The amount of hardware increases with parallel processing and with it, the cost of the system increases.

However, technological developments have reduced hardware costs to the point where parallel processing techniques are economically feasible.

We distinguish between parallel and serial operations by the type of registers used. Shift registers operate in serial fashion one bit at a time, while registers with parallel load operate with all the bits of the word simultaneously

Figure 1 shows one possible way of separating the execution unit into eight functional units operating in parallel. The operands in the registers are applied to one of the units depending on the operation specified by the instruction associated with the operands

All units are independent of each other, so one number can be shifted while another number is being incremented.

A multifunctional organization is usually associated with a complex control unit to coordinate all the activities among the various components.

One classification introduced by M. J. Flynn considers the organization of a computer system by the number of instructions and data items that are manipulated simultaneously. The normal operation of a computer is to fetch instructions from memory and execute them in the processor.

The sequence of instructions read from memory constitutes an instruction stream . The operations performed on the data in the processor constitutes a data stream .

Parallel processing may occur in the instruction stream, in the data stream, or in both. Flynn's classification divides computers into four major groups as follows:

Single instruction stream, single data stream (SISD)
Single instruction stream, multiple data stream (SIMD)
Multiple instruction stream, single data stream (MISD)
Multiple instruction stream, multiple data stream (MIMD)

SISD represents the organization of a single computer containing a control unit, a processor unit, and a memory unit.

Instructions are executed sequentially and the system may or may not have internal parallel processing capabilities.

Parallel processing in this case may be achieved by means of multiple functional units or by pipeline processing.

SIMD represents an organization that includes many processing units under the supervision of a common control unit.

All processors receive the same instruction from the control unit but operate on different items of data. The shared memory unit must contain multiple modules so that it can communicate with all the processors simultaneously.

MISD structure is only of theoretical interest since no practical system has been constructed using this organization.

MIMD organization refers to a computer system capable of processing several programs at the same time. Most multiprocessor and multicomputer systems can be classified in this category.

Flynn's classification depends on the distinction between the performance of the control unit and the data-processing unit.

It emphasizes the behavioral characteristics of the computer system rather than its operational and structural interconnections.

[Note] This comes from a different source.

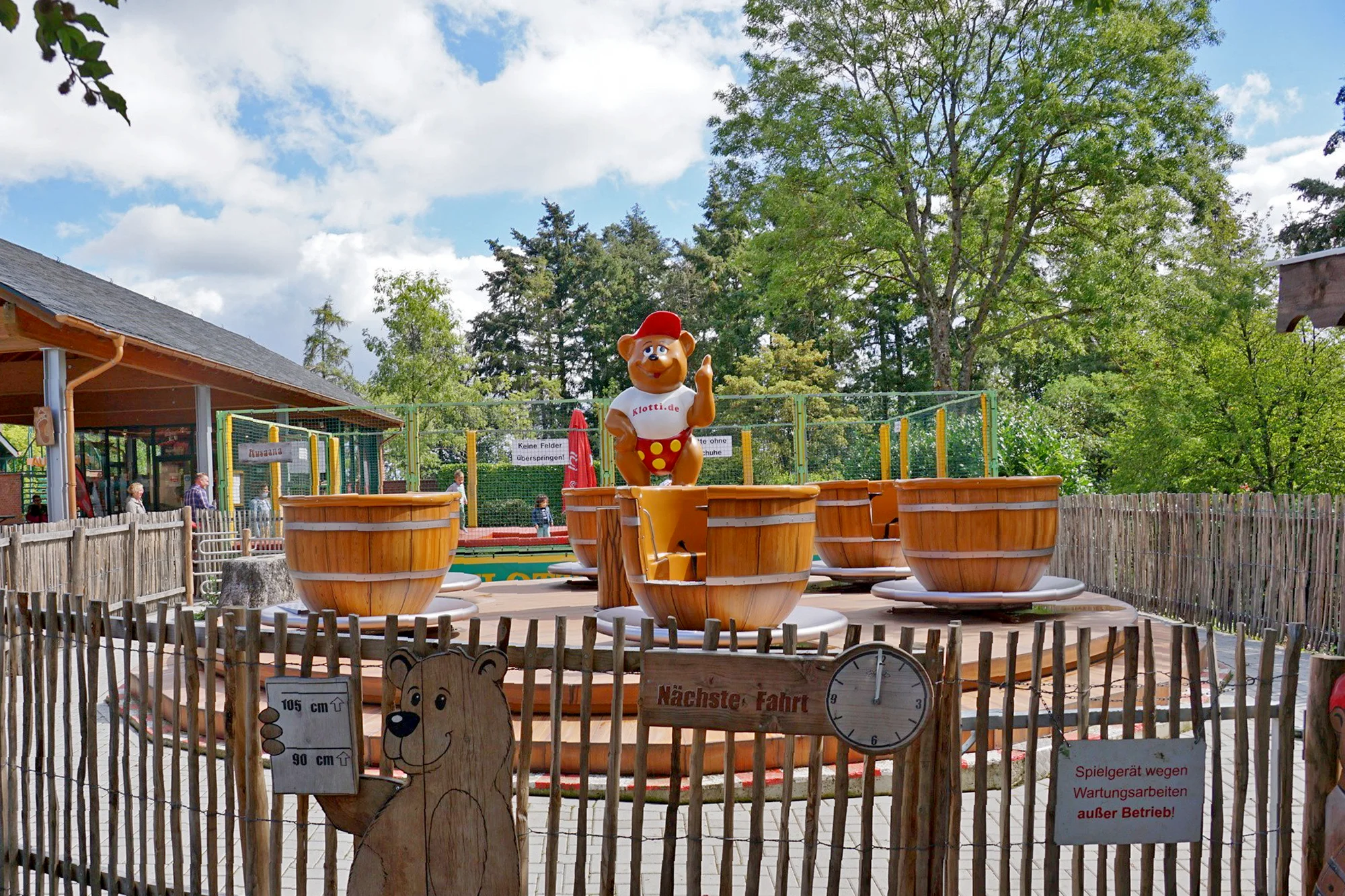 Tea Cups 8 meters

Pipelining is a technique of decomposing a sequential process into suboperations, with each subprocess being executed in a special dedicated segment that operates concurrently with all other segments.

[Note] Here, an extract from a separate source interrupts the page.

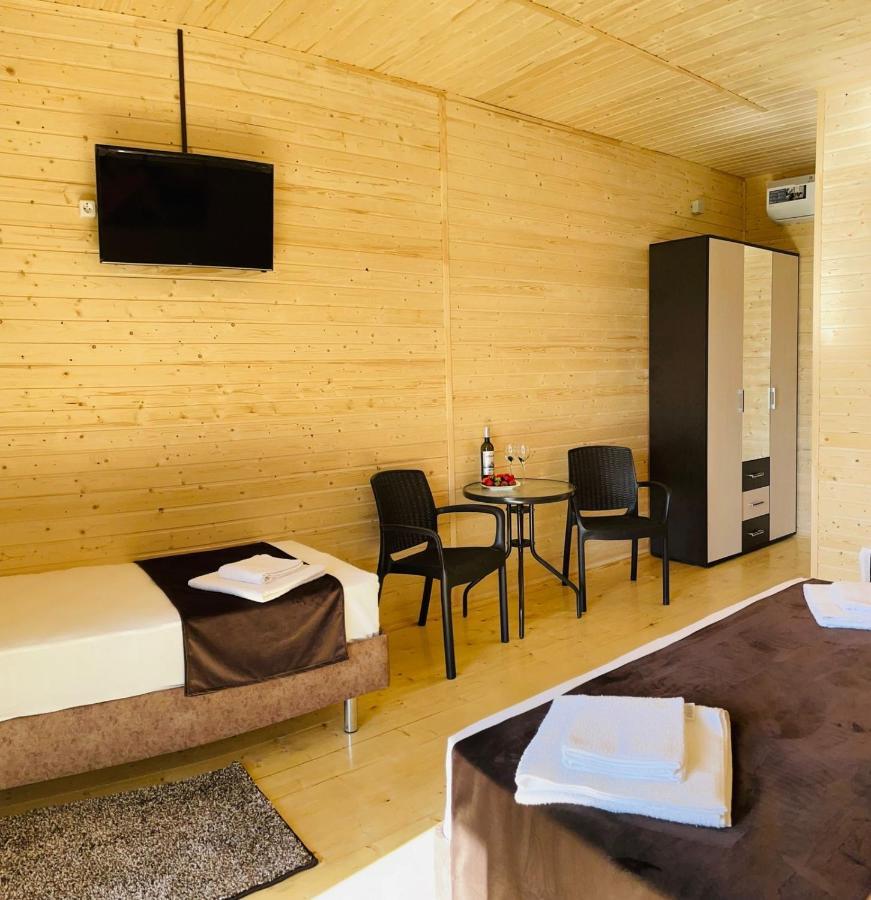 Hotel Askar Alakhadze Екстериор снимка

A pipeline can be visualized as a collection of processing segments through which binary information flows. Each segment performs partial processing dictated by the way the task is partitioned.

The result obtained from the computation in each segment is transferred to the next segmentin the pipeline. The final result is obtained after the data have passed through all segments.

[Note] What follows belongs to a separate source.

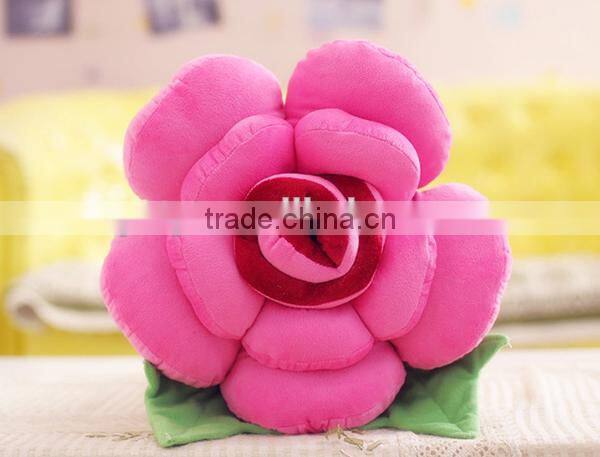 2015 new design plush flower shaped pillow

The name "pipeline" implies a flow of information analogous to an industrial assembly line.

It is characteristic of pipelines that several computations can be in progress in distinct segments at the same time. The overlapping of computation is made possible by associating a register with each segment in the pipeline.

The registers provide isolation between each segment so that each can operate on distinct data simultaneously.

Perhaps the simplest way of viewing the pipeline structure is to imagine that each segment consists of an input register followed by a combinational circuit. The register holds the data and the combinational circuit performs the suboperation in the particular segment.

The output of the combinational circuit in a given segment is applied to the input register of the next segment. A clock is applied to all registers after enough time has elapsed to perform all segment activity. In this way the information flows through the pipeline one step at a time.

The pipeline organization will be demonstrated by means of a simple example. Suppose that we want to perform the combined multiply and add operations with a stream of numbers. A_i * B_i + C_i for i = 1, 2, 3, . .. , 7

Each suboperation is to be implemented in a segment within a pipeline. Each segment has one or two registers and a combinational circuit as shown in Fig. 2. R1 through R5 are registers that receive new data with every clock pulse. The multiplier and adder are combinational circuits. The suboperations performed in each segment of the pipeline are as follows:

R1 ← A_i, R2 ← B_i Input A_i and B_i R3 ← R1 * R2, R4 ← C_i Multiply and input C_i R5 ← R3 + R4 Add C_i to product

The five registers are loaded with new data every clock pulse. The effect of each clock is shown in Table 1. The first clock pulse transfers A1 and B1 into R1 and R2.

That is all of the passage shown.